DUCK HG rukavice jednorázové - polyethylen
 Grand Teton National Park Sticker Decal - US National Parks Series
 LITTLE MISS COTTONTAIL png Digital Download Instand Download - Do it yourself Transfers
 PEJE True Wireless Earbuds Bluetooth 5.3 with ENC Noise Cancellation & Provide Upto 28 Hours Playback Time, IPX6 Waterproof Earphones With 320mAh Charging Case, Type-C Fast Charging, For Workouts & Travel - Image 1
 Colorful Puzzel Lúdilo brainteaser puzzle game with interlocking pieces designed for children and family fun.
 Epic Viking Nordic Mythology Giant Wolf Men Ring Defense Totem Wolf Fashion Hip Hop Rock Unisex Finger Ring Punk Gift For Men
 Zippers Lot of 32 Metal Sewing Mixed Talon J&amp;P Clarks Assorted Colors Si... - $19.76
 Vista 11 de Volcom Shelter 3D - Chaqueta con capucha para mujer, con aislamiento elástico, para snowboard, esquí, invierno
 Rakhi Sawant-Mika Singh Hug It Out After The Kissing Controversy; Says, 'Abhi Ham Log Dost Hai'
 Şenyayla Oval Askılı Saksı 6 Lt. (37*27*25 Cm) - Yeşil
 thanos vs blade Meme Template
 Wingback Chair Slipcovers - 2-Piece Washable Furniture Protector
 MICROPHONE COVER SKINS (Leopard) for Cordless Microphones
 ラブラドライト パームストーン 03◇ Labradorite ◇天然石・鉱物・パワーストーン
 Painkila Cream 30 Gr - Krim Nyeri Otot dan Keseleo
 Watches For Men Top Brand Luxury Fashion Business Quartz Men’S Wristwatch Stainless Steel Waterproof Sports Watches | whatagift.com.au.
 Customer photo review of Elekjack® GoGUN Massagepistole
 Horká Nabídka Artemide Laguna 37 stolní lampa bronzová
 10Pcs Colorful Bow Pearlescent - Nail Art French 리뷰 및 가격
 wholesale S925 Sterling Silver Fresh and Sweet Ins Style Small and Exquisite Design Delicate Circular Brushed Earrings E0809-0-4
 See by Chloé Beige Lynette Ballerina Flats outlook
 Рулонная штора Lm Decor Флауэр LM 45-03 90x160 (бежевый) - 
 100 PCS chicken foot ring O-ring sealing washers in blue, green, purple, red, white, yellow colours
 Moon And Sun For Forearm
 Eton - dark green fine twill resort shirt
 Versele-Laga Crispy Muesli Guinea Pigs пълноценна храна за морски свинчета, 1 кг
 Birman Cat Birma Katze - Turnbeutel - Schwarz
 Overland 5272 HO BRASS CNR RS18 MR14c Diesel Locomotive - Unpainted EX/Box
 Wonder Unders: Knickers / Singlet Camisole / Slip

= = = = = = =

_The task_
The answer should consist only of the lines from the one with "Рулонная штора Lm" to the final line of the records above, retyped word for word.

_Written solution_
 Рулонная штора Lm Decor Флауэр LM 45-03 90x160 (бежевый) - 
 100 PCS chicken foot ring O-ring sealing washers in blue, green, purple, red, white, yellow colours
 Moon And Sun For Forearm
 Eton - dark green fine twill resort shirt
 Versele-Laga Crispy Muesli Guinea Pigs пълноценна храна за морски свинчета, 1 кг
 Birman Cat Birma Katze - Turnbeutel - Schwarz
 Overland 5272 HO BRASS CNR RS18 MR14c Diesel Locomotive - Unpainted EX/Box
 Wonder Unders: Knickers / Singlet Camisole / Slip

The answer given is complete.